Both models receive mild revisions to their front ends, with new trim-specific grille designs including a black honeycomb item for the S-Max ST-Line and a satin chrome item for the S-Max Vignale. New 19in alloy wheels feature, too.
Of more significance are the equipment upgrades. Ford has introduced 18-way-adjustable driver and front passenger seats in both models for Zetec and Titanium trims, approved by a leading German spinal health organisation to help relieve back pain sufferers. The seats feature four-way electric lumbar adjustment.
New tech features include optional Ford Pass Connect, which adds wi-fi hotspot capability and adds functions to the FordPass mobile app including the vehicle’s status, a vehicle locator and remote door unlocking.
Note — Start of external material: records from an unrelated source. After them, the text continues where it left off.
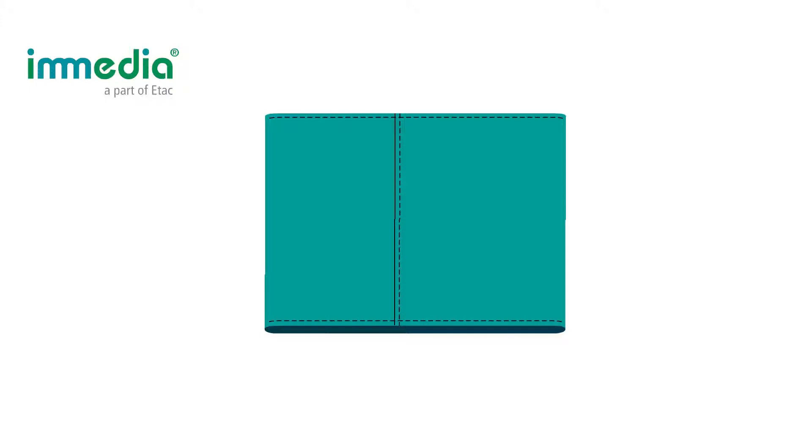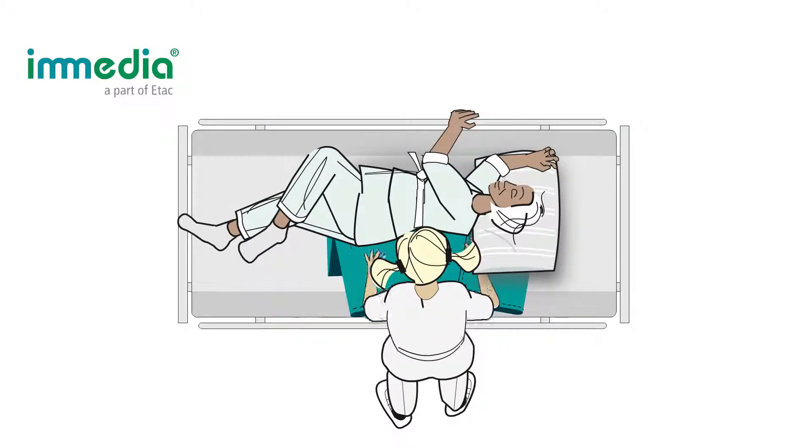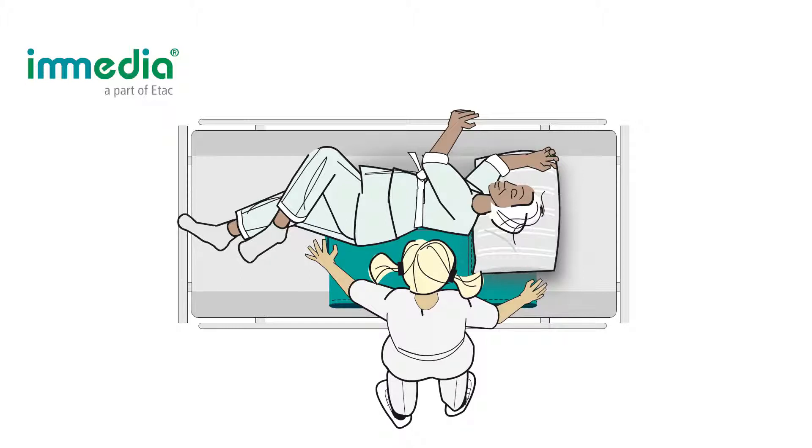Place the Multiglide on a flat surface with one of the open sides facing you. Grab the outer edges with your hands and fold up the fabric against the far opening. Place the Multiglide stretched and close to the patient's back.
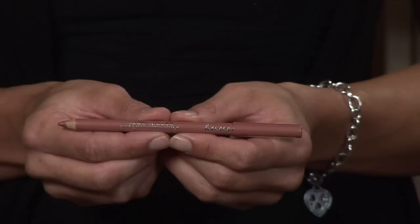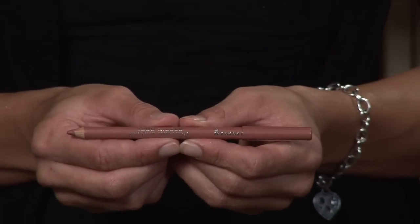On our model today, Ashley, I'm going to use a very light colored brown pencil for the top, and just brown eyeshadow for the bottom.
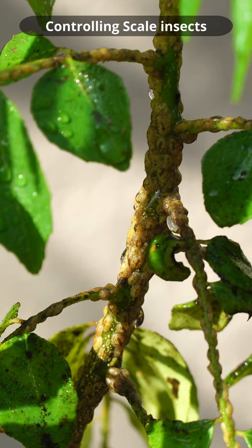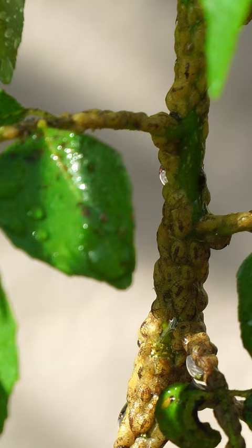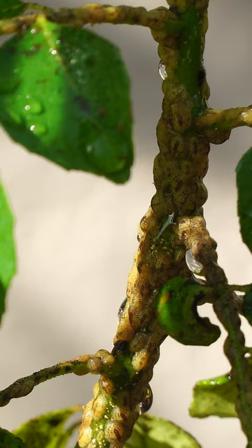Scale insects can wreak havoc on your plants. In this example, you can see scale insects on this curry leaf plant that will eventually kill the plant.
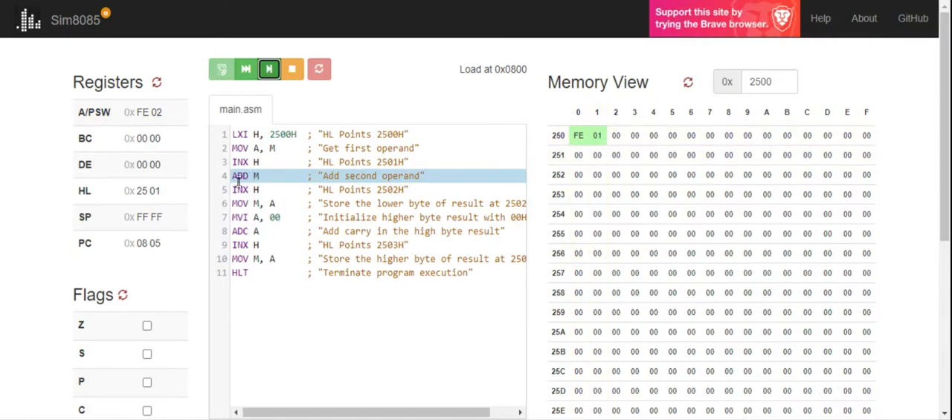So I am going to add the value of FE directly with 01 using ADD M. ADD M means add A with M and store the result back in A. A is FE, M is 01, so adding these two values gives FE plus 01 which is FF, and that FF is stored at the accumulator. You can see FF over here.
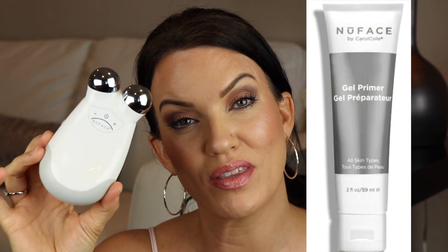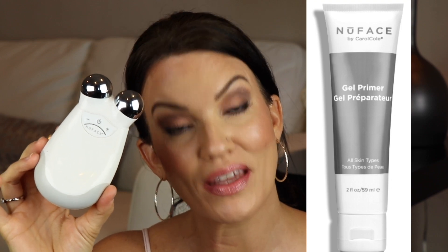If you have this device and you've purchased the gel that goes with it, you'll know — like I know — that it is really expensive and it runs out really fast because it dries up pretty quickly. So I've experimented over the past six months with different products that work wonderfully with this that are so much more affordable, and that's what I want to share with you today.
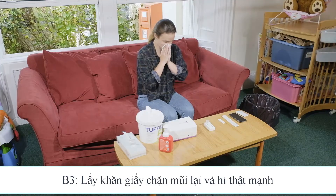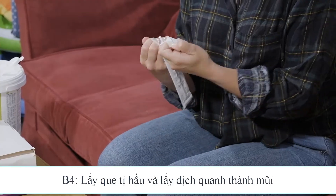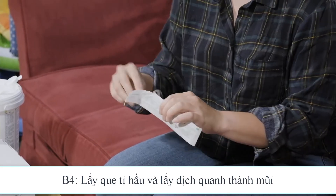You should blow your nose before taking the test. Take the swab out of the packet, keeping the cotton bud end clean.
It also brings Local Hazard Information via the on-board modem and data from HERE Technologies, informing drivers of a hazardous situation ahead that may not yet be visible, independently from the sat-nav.
Mechanical tweaks are limited, as Ford’s latest Ecoblue 2.0-litre diesel engine was drafted in last year in 148bhp and 187bhp forms. The units are offered with either a six-speed manual or eight-speed automatic gearbox.
Ford’s entire MPV range has suffered in the face of increasing competition from SUVs. A total of 11,838 Galaxys were registered across Europe last year - down around 8500 on the car’s 2016 peak. The S-Max has suffered a similar fate, down to 23,700 after more than 35,000 were registered in 2017. The smaller B-Max and C-Max were discontinued earlier this year.